Hey man! Good to see you're still around too. You should come out to the Castle in Chester on Thursday night if you can. A bunch of people have been meeting up around 8ish til 11:00 or so.
What wasnt done with your car? Something wrong with it?


----------



## bvgoosedd (Mar 5, 2009)

i got a gt3076r in there now!! yea so sweet but rite now it's getting rods installed that's why i didn't make it too water fest. and a new clutch. should be done next week. should have been done by the end of this week but doesn't look promising. u guys met up every week?


----------



## mr.ramsey (Apr 9, 2008)

*FV-QR*

OH! Nice. Wasn't fast enough for you....huh? 
Yeah been meeting up there every week for the past 2 months. Getting some pretty decent turn out!


----------



## 13_Ronin_13 (Apr 7, 2006)

*Re: FV-QR (mr.ramsey)*

bvgoosedd, what exhaust mani are using i have a gt3071R. i have a used ATP one but i really want the eurojet topmount, just cuz it looks so bad ass..
think ill have any clearence issues with a top mount?
I had a great time Waterfest and met so many wicked TT owners http://****************.com/smile/emthup.gif here's a couple pics from the show and drive down. 

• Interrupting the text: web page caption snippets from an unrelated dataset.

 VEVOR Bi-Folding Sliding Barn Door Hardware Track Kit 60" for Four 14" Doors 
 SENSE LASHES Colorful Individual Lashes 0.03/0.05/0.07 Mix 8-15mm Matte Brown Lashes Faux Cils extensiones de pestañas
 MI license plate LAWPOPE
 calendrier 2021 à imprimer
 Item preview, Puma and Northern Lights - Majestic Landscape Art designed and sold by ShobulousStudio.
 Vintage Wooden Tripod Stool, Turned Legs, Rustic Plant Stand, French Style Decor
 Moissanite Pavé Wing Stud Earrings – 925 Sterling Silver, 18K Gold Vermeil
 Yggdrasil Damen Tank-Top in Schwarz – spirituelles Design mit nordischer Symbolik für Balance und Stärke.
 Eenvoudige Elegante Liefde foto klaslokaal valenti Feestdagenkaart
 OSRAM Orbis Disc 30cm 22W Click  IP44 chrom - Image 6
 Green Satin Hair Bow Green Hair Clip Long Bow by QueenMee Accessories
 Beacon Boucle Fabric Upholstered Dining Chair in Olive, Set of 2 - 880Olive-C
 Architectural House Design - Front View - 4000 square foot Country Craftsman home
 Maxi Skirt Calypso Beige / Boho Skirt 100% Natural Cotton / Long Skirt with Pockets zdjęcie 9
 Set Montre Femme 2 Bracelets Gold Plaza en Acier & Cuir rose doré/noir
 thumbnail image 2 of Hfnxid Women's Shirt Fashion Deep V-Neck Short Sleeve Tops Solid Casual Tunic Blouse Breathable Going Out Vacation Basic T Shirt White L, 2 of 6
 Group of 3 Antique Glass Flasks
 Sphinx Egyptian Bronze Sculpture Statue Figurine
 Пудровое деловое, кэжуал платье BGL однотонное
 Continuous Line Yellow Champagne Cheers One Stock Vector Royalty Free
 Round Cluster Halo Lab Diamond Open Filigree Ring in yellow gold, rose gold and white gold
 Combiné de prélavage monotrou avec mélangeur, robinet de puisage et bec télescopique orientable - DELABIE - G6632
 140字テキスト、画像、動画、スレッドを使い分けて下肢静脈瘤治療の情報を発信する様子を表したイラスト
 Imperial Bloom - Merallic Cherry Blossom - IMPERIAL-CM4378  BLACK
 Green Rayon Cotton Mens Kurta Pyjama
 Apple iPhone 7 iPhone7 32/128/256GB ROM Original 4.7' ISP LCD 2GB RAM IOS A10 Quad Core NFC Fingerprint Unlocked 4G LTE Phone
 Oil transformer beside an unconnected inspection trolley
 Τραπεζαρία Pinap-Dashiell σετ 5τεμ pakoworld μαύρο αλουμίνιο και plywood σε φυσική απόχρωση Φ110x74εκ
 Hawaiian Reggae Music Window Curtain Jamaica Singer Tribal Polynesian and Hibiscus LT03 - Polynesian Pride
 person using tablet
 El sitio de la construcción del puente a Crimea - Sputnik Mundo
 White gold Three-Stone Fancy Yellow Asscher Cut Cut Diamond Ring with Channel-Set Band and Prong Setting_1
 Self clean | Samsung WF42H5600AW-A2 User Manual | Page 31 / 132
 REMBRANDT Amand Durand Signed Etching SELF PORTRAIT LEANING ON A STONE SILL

and one of me giving her a little wipe..










_Modified by 13_Ronin_13 at 4:31 PM 7-23-2009_


----------



## bklnstunt718 (May 30, 2007)

i had nooo clue u were running a 30 or else i would of ask to see how it looks....heheh


----------



## 13_Ronin_13 (Apr 7, 2006)

*Re: (bklnstunt718)*

it's not in there yet im powdercoating and ceramic coating everything first so it's taking a bit to do.
hopefully get it started in the next couple weeks.


----------



## Neb (Jan 25, 2005)

*Re: (13_Ronin_13)*

car looks good with that votex kit


----------



## 13_Ronin_13 (Apr 7, 2006)

*Re: (Neb)*

thanks








u ever around waterloo or the cambridge meets ?


----------



## Neb (Jan 25, 2005)

*Re: (13_Ronin_13)*

naw not really. when I'm visiting (cambridge where my folks live) I'm usually just there on weekends... Do you go?


----------



## -TT- (Apr 13, 2008)

*Re: FV-QR (13_Ronin_13)*


_Quote, originally posted by *13_Ronin_13* »_
I had a great time Waterfest and met so many wicked TT owners http://****************.com/smile/emthup.gif here's a couple pics from the show and drive down. 
_Modified by 13_Ronin_13 at 4:31 PM 7-23-2009_









WOW








can we get some specs on the suspension, wheel size and spacers ??
I love the lip on that thing !


----------



## tolovevwistohatevw (Nov 22, 2008)

*Re: FV-QR (-TT-)*

Other then the ones pictured i count two more , mine and the dual tone coupe at one of the vendors .. other than the TT events this is the most i have ever seen in one area


----------



## bvgoosedd (Mar 5, 2009)

i got the one that came with ctsturbo's kit. it is top mounted. no clearence issues here. i do want to put a blanket on mine. hood gets od hot. sexi car by the way. def loving it. i haven't done anything to my car as far as looks but tinted the windows. what are you runing 1/4 mile? whp?? i have no clue what i'am gonna be running. i hope over 350awhp. i'll be upset if i don't hit that. and i wanna run high 11's low 12's.


----------